▶ [WHAT IS REQUIRED]: After locating the line with "IPEM Maringá e" in the entries below, output it and each following line up to and including the line with "Wallpaper, plain or with a design", exactly and without pictures.

▶ [RECORDED DATA]:
+--

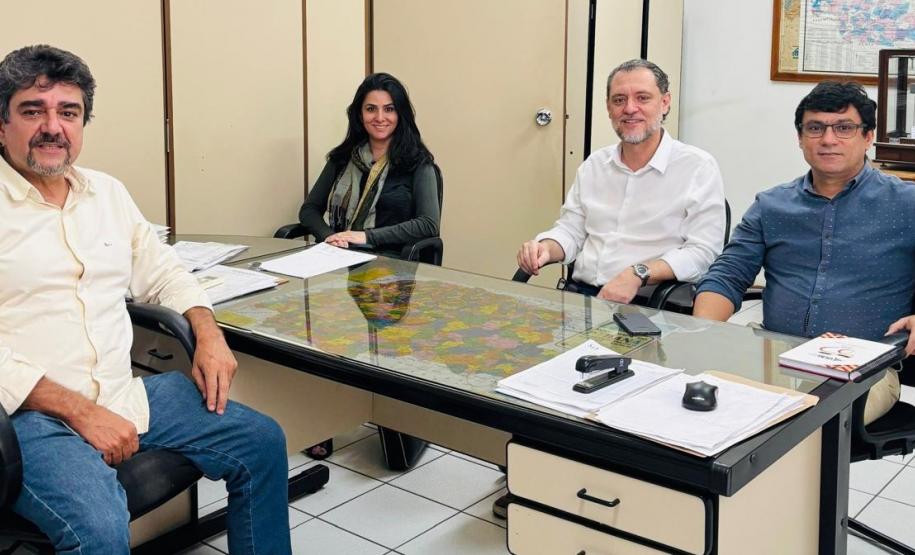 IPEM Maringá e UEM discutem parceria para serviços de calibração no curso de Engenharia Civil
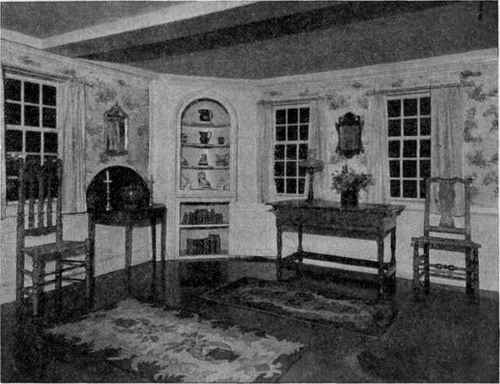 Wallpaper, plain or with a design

+--

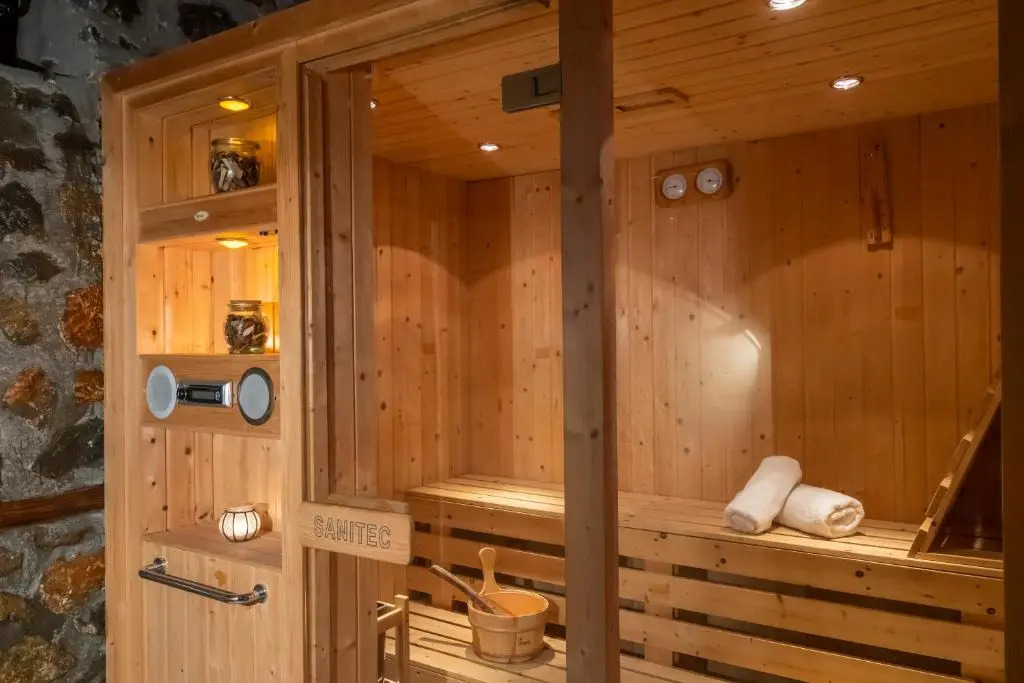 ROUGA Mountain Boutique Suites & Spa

+--

▶ [WRITTEN REPLY]:
 IPEM Maringá e UEM discutem parceria para serviços de calibração no curso de Engenharia Civil
 Wallpaper, plain or with a design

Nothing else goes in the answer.